Consider the following functions: $$ \psi_1(x) = \sinh(x)-\sin(x) \quad \quad\psi_2(x)=\cosh(x)-\cos(x)$$
$$\phi_a(x)=\psi_1(x)\psi_2(a)-\psi_1(a)\psi_2(x)$$
and define $\pi_k(x)=\phi_{a_k}(a_kx)$
where $a_k$ is a sequence such that $\phi'_{a_k}(a_k)=0=\phi'_{-a_k}(-a_k)$
I need to show that those functions are $L_2$-orthogonal
$\langle \pi_i,\pi_j \rangle =\delta_{i,j}=\int_0^1\pi_i(x)\pi_j(x)dx$
I am sitting at this problem for quite some time and tried to "brute-force" my way throug the calculation (applying partial integration).
Is there any quick way to see that those functions are orthogonal ?
This can be seen by noticing that the zeroth and first derivatives of $\pi_i(x)$ are $0$ at $x=0$ and $x=1$, as well as the fact that $\pi_i^{(4)}(x)=a_i^4\ \pi_i(x)$. Let $\pi_i^{(-n)}$ denote the $n$th antiderivative of $\pi_i$. Then in particular $\pi_i^{(-4)}(x)=\frac{1}{a_i^4}\pi_i(x)$ (choose the antiderivative which satisfies this condition, this corresponds to choosing integration constants to be zero for the standard antiderivatives of trig functions).
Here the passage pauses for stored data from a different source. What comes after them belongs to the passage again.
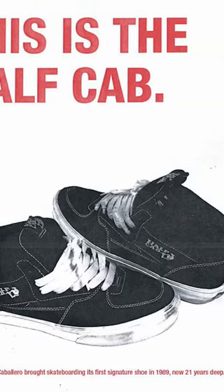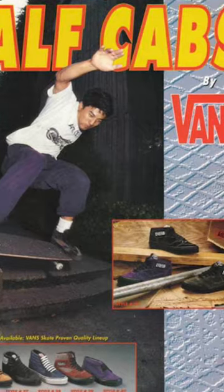From there, the shoe blew up on the market. Everyone loved them. This is the longest running pro skate shoe ever. This shoe has stood the test of time. The half cab is still dope. It was dope, and it's going to be dope.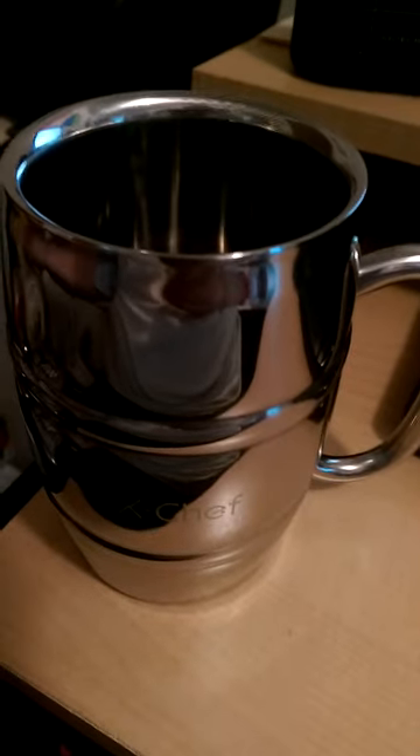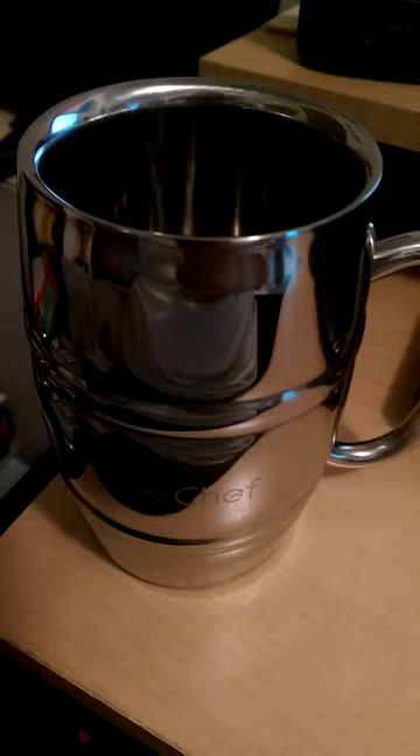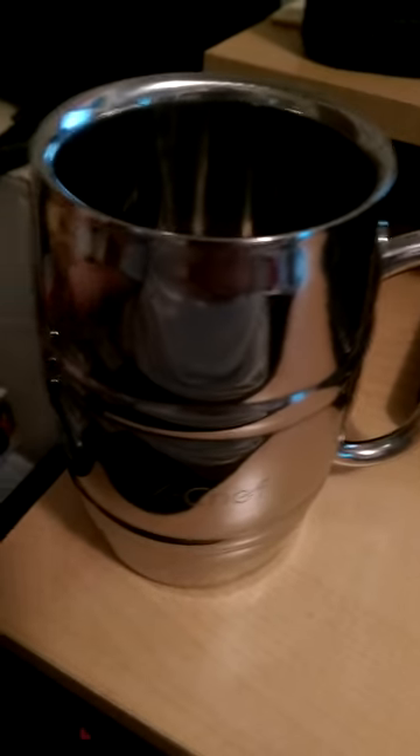I love stainless steel, I don't know about you. And the best thing about this, in my opinion, is you can drink cold drinks in this and hot drinks. So it keeps your drinks cold or it keeps your drinks hot. I really love this.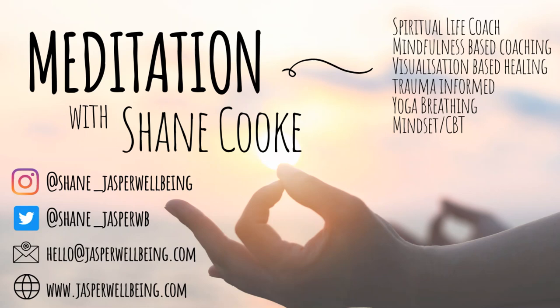Let's just begin by taking a moment to allow your body to settle into a comfortable position. You may close your eyes fully or even keep them slightly open if that feels more comfortable. Just adjust yourself so you're sitting in a way that feels upright and balanced — both alert and relaxed.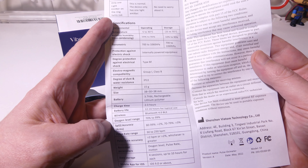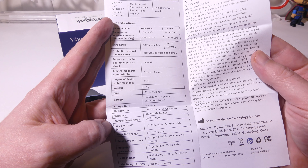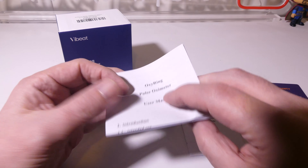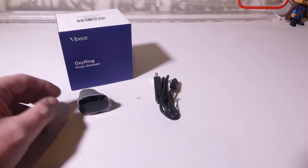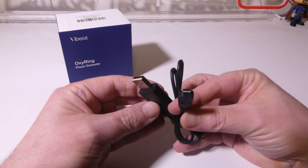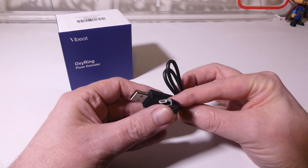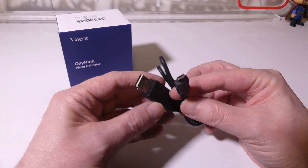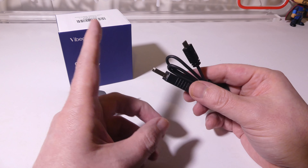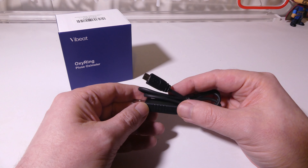The user manual for the OxyRing is written in English. It's well laid out. There are some specifications here that I will leave up, so if I miss anything, you can come back to this point in the video and check it out. It takes a little over two hours to charge and you will get 12 to 16 hours of typical use per charge, so this will definitely last overnight. It runs on Bluetooth 4.0 low energy and you can check out the rest of the specs if you need to.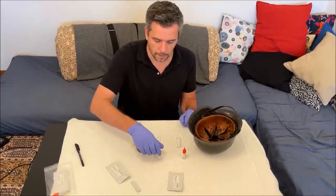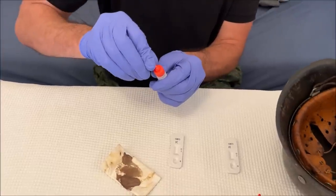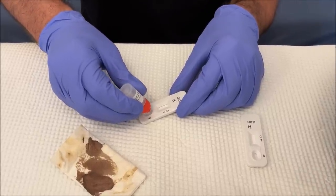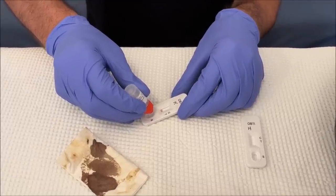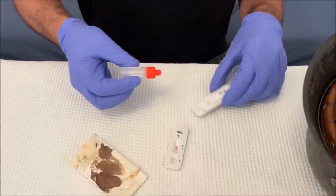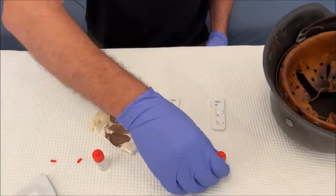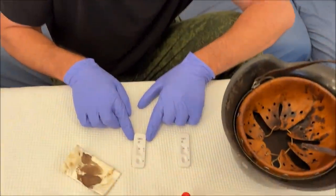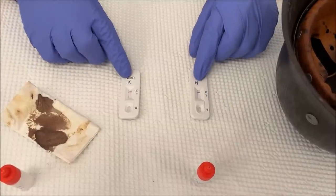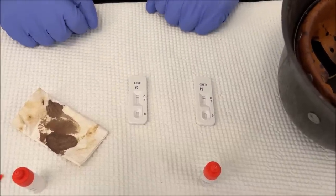Okay, so here we are the next day. This is the K test for the kleenex. According to the instructions you're supposed to break off the tip and then put three drops on it — it's kind of like a COVID test or a pregnancy test. One, two, three — that's for the kleenex with my blood on it. And now three drops for the helmet as well. After waiting ten minutes, both tests are negative. The C means control — it shows the test worked — and if there's human hemoglobin the T line is also supposed to appear, but in both cases the T isn't marked.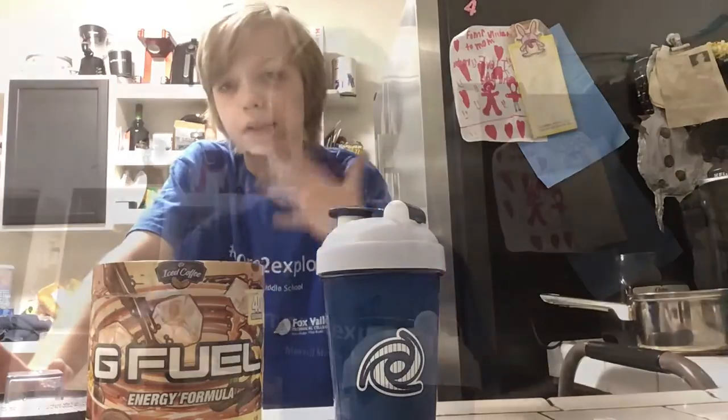Like I enjoy it. Talk about coffee — it tastes good. Definitely try it for yourself. I'm going to go get my friend, who's actually another YouTuber, in here to try it out real quick.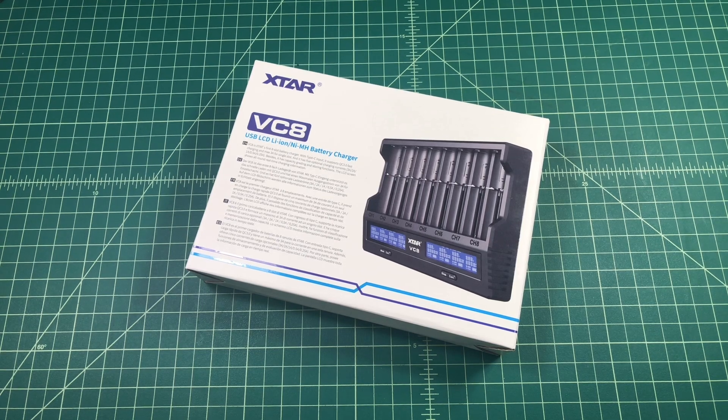Alright folks, so what we have here is the XTAR VC8 battery charger. The good people at XTAR contacted me and they asked if I'd be interested in reviewing this product, and of course I said yes, so they sent this to me free of charge in exchange for this video review.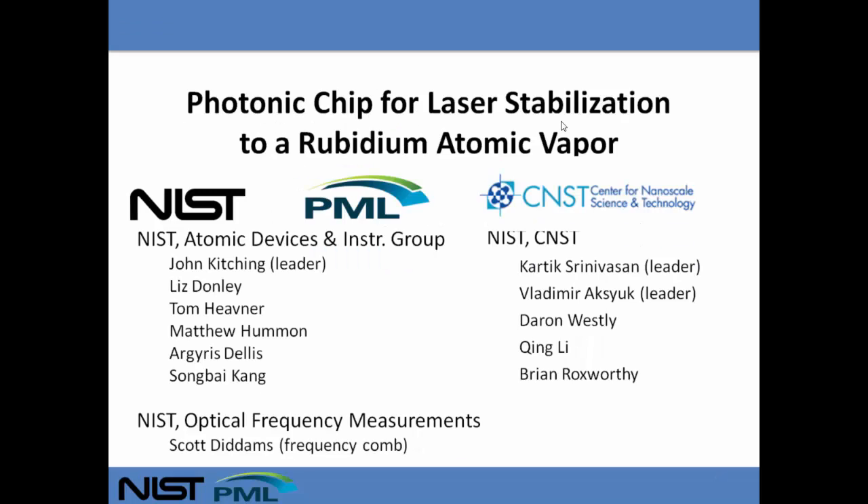My name is Matt Humman. I'll be telling you about work that we're doing in John Kitching's group at NIST, specifically working on using a photonic chip for laser stabilization to rubidium atomic vapor.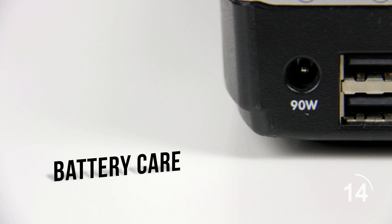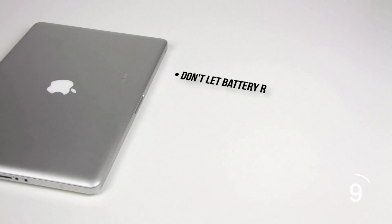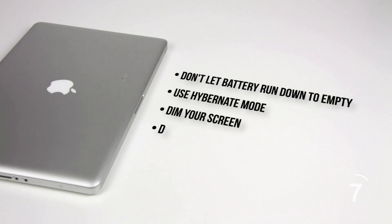Some basic tips for extending battery life include never letting it run all the way down to empty, use hibernate mode when you don't need to use your laptop instead of sleep or standby, dim your screen, don't run too many programs at once, and turn off hardware like an external mouse or a Wi-Fi receiver if you aren't using it.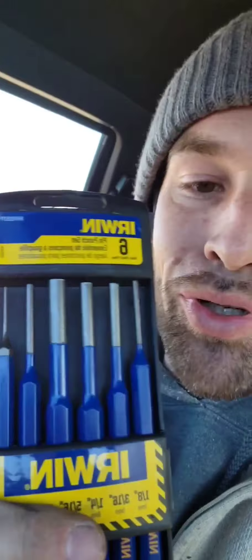Update: had to make a run to the tool store. Needed a few punch drivers — Subaru's got a double roll pin in the shifter u-joint. Never seen anything like it.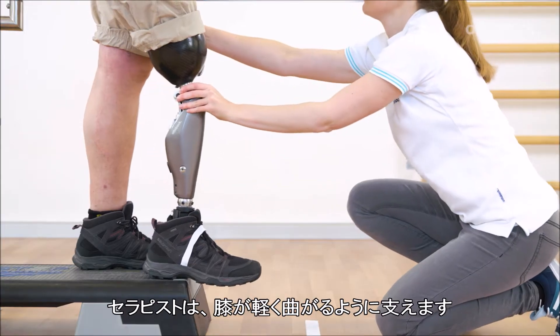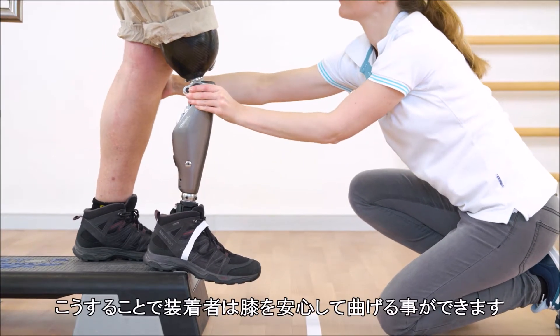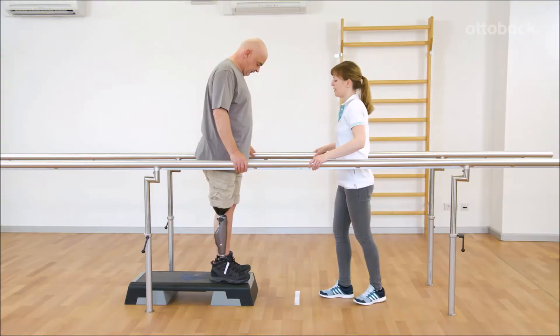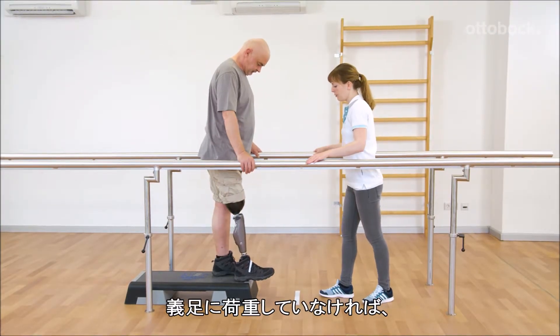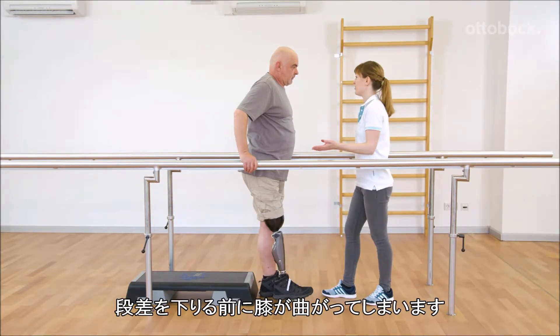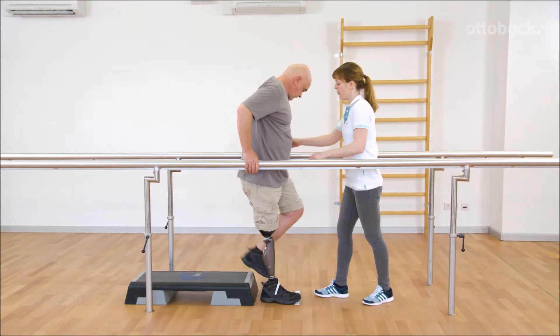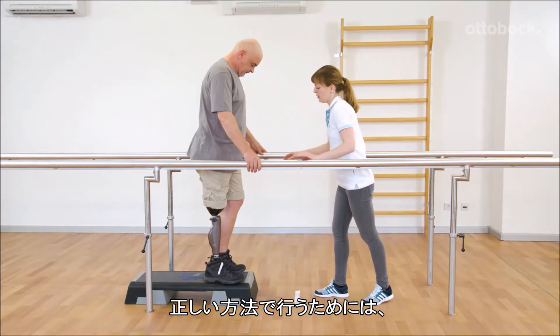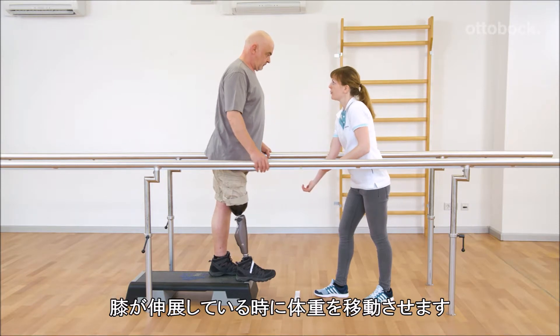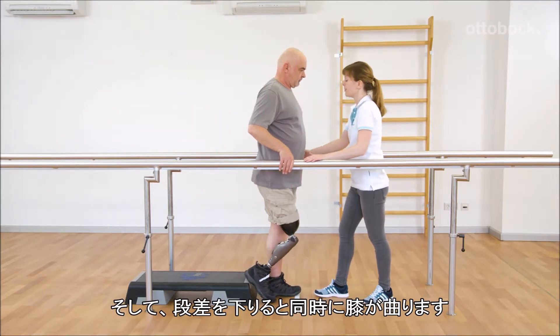Franziska guides the knee joint into slight flexion so that Gerhard feels he has to allow knee flexion. Gerhard doesn't shift his body weight onto the prosthesis and already bends the knee joint before he takes the step down. When carried out correctly, the body weight shifts while the prosthetic knee joint is extended, and then bends as soon as Gerhard steps down.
Then integration by parts four times gives \begin{align}\int_0^1\pi_i(x)\pi_j(x)dx &= \pi_i(x)\pi_j^{(-1)}(x)\Big|_0^1-\int_0^1\pi_i'(x)\pi_j^{(-1)}(x)dx \\ &= -\left(\pi_i'(x)\pi_j^{(-2)}(x)\Big|_0^1-\int_0^1\pi_i''(x)\pi_j^{(-2)}(x)dx\right) \\ &= \pi_i''(x)\pi_j^{(-3)}(x)\Big|_0^1-\int_0^1\pi_i^{(3)}(x)\pi_j^{(-3)}(x)dx \\ &= -\left(\pi_i^{(3)}(x)\pi_j^{(-4)}(x)\Big|_0^1-\int_0^1\pi_i^{(4)}(x)\pi_j^{(-4)}(x)dx\right) \\ &= \frac{a_i^4}{a_j^4}\int_0^1\pi_i(x)\pi_j(x)dx \end{align} Thus, if $i\neq j$, the integral must be $0$ for equality to hold, since $$\left(1-\frac{a_i^4}{a_j^4}\right)\int_0^1\pi_i(x)\pi_j(x)dx=0$$ and the factor in front is nonzero for $i\neq j$. As a result, $\pi_i$ and $\pi_j$ are orthogonal for $i\neq j$. Note that we did not require the particulars of the function, only its behavior at the boundaries and a differential equation it satisfies.